E. EXPENSES. The Company shall reimburse Employee, pursuant to the Companys expense policies for reasonable expenses incurred in the performance of Employees duties as Chief Financial Officer. Any questions about the reasonableness of an expense shall be conclusively resolved by the Companys President in the Presidents sole discretion.
F. VACATION AND OTHER BENEFITS. Subject to the Companys vacation policy, Employee shall be entitled to fifteen (15) days of paid vacation during the Term and any renewal term. Employee shall be entitled during the Term of this Agreement and any renewal term to participate in benefit plans or policies generally applicable to employees of the Company, including, but not limited to, all retirement, deferred compensation and similar plans and programs generally available to other employees of the Company as in effect from time to time, subject to any legally required restrictions specified in such plans and programs.
G. INDEMNITY. The Board of Directors of the Company has adopted Bylaws providing for the indemnification of the officers and certain other employees and agents of the Company, including other persons serving at the request of the Company in such capacities with
other corporations or enterprises, as authorized by the Delaware General Corporation Law, as amended (the Code). The Bylaws and the Code, by their non-exclusive nature, permit contracts between the Company and its agents, officers, employees and other agents with respect to indemnification of such persons.
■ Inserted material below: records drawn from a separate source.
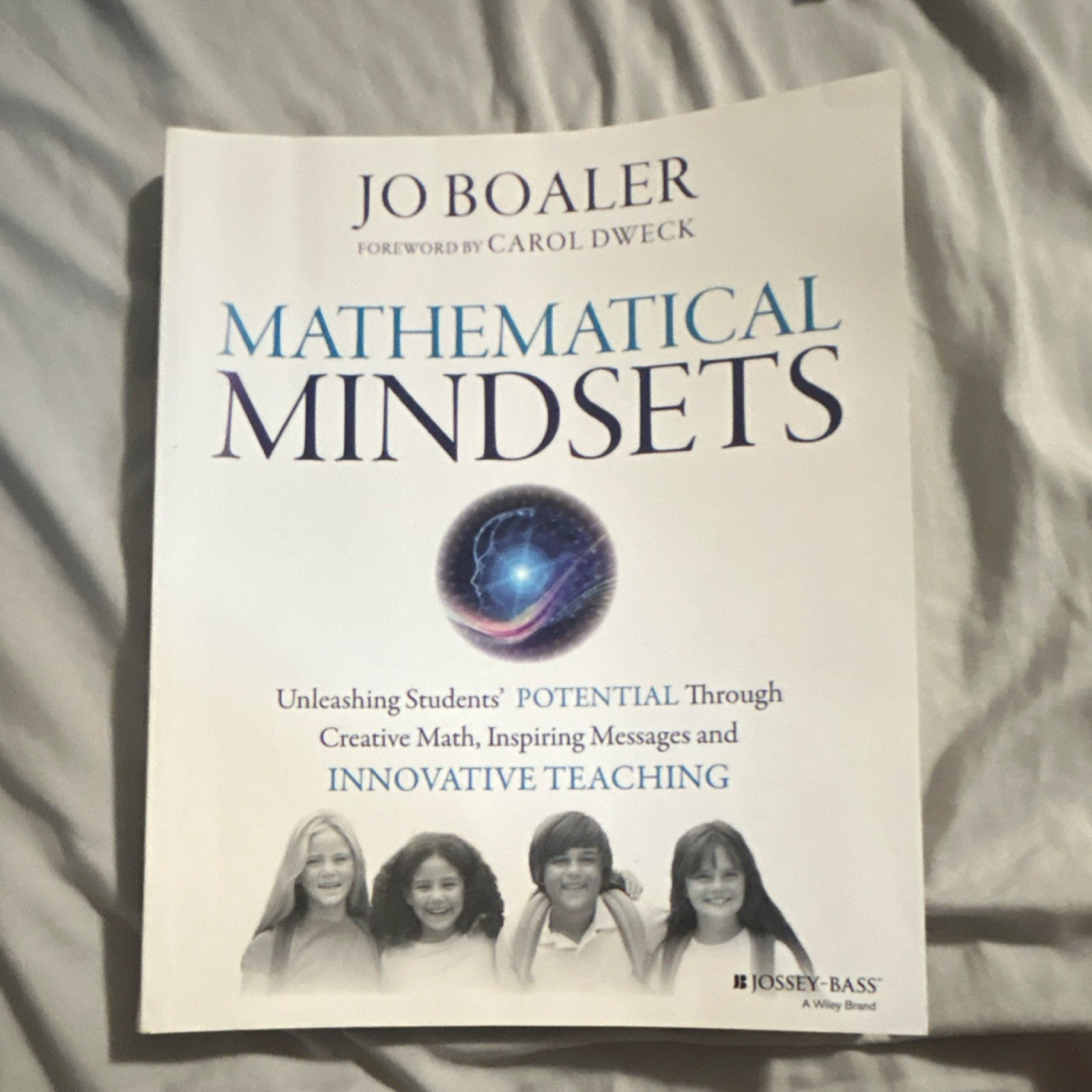 Mathematical Mindsets Jo Boaler Jossey-Bass Paperback Education Textbook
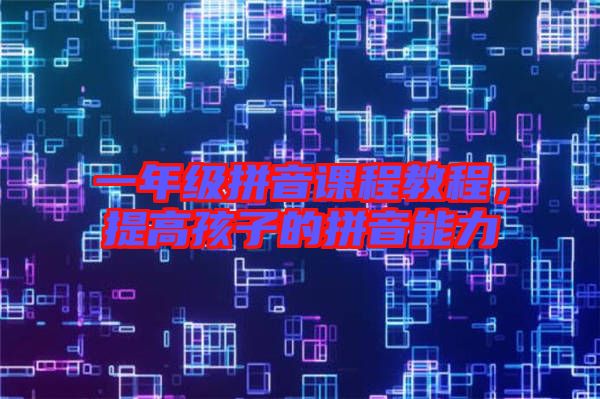 一年級拼音課程教程，提高孩子的拼音能力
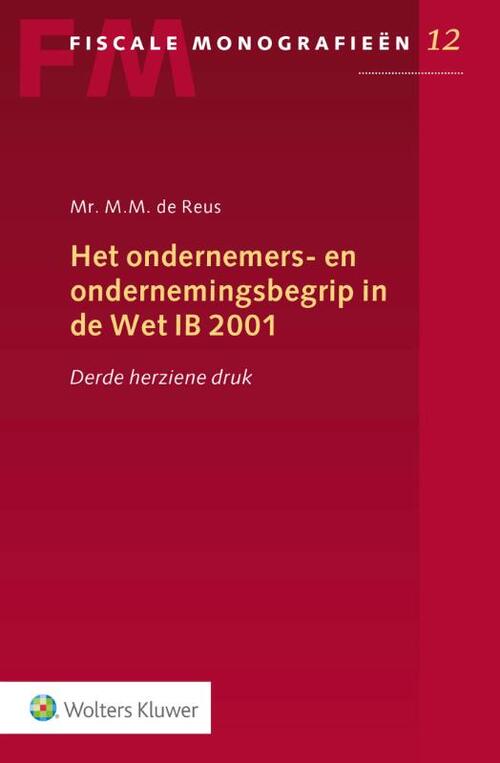 Het ondernemers- en ondernemingsbegrip in de Wet IB 2001 -  M.M. de Reus (ISBN: 9789013158786)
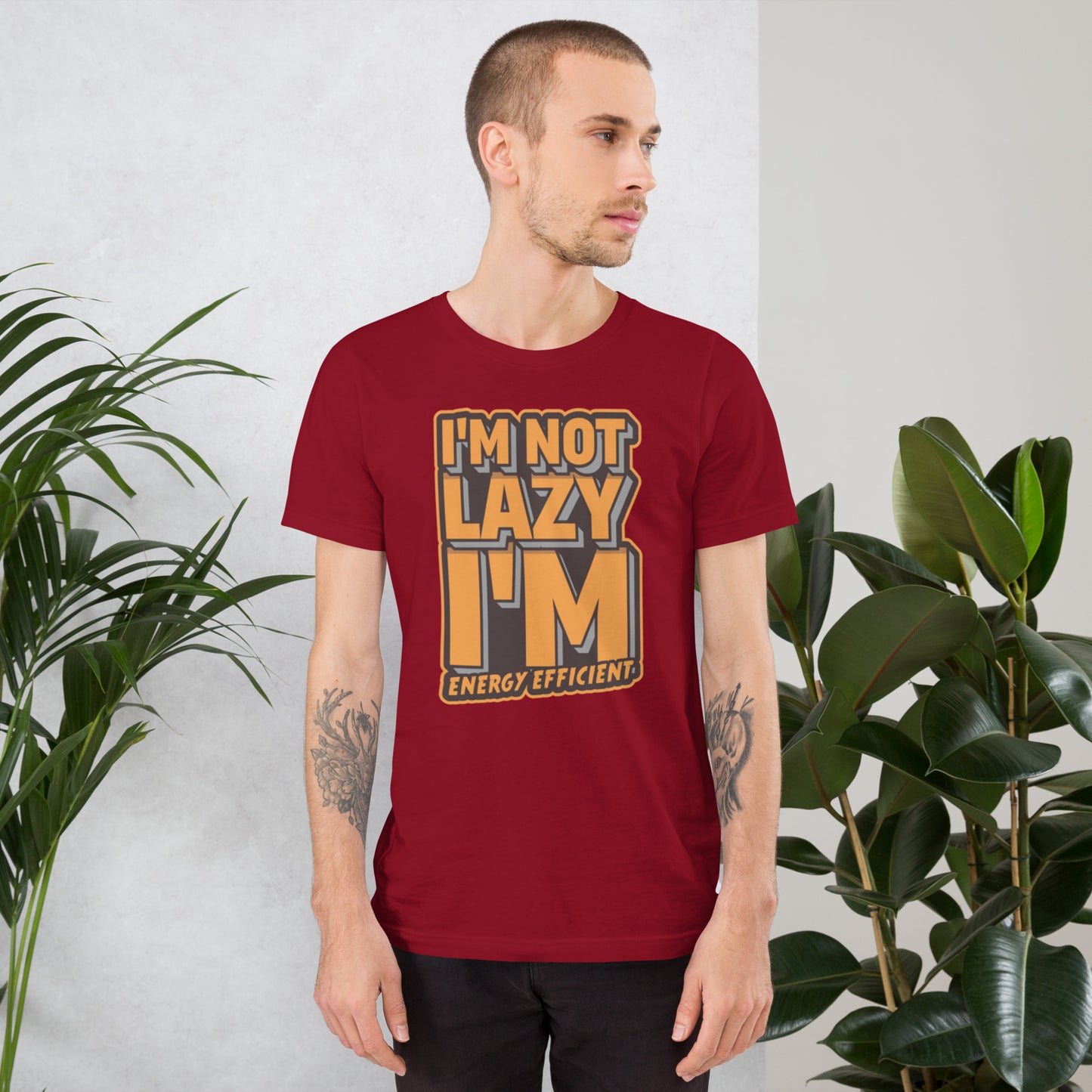 I'm Not Lazy I'm Energy Efficient Unisex t-shirt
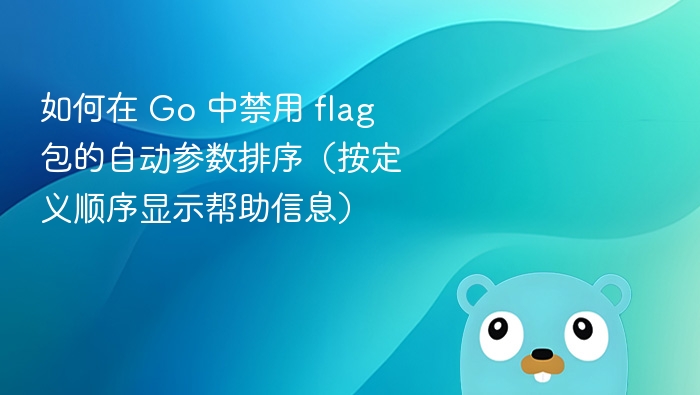 如何在 Go 中禁用 flag 包的自动参数排序（按定义顺序显示帮助信息）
The Company, on its own behalf and on behalf of LBI, hereby agrees to hold harmless and indemnify Employee to the fullest extent authorized or permitted by the provisions of the Bylaws as the same may be amended from time to time (but, only to the extent that such amendment permits the Company to provide broader indemnification rights than the Bylaws permitted prior to adoption of such amendment).
|III.||TERMINATION PRIOR TO EXPIRATION OF AGREEMENT.|
A. DISABILITY. If Employee becomes disabled due to sickness or accident during the term of this Agreement, and is no longer able to perform the essential functions of the job with or without reasonable accommodation, and such disability continues for more than eight (8) consecutive weeks, the Company, in its sole discretion, may either (1) suspend Employees obligation to render services hereunder and the Companys obligation to pay Employee under the terms of this Agreement during the continuation of such disability, or (2) terminate this Agreement immediately; provided, however, that nothing in this Agreement shall limit Employees right to any disability leave provided under the California Pregnancy Disability Leave law or similar applicable law. If Employee is terminated as the result of disability, the Company shall not be obligated to provide any further payments or compensation to Employee hereunder, except amounts due as salary and expense reimbursement earned at the time of such termination.
B. DEATH. In the event of Employees death during the Term of this Agreement or any renewal term, this Agreement shall terminate and the Company shall have no further obligation to provide any further payments or compensation to Employee or Employees surviving spouse, estate or legal representatives, except amounts due as salary previously earned and vested at the time of such termination and any expense reimbursement due prior to death.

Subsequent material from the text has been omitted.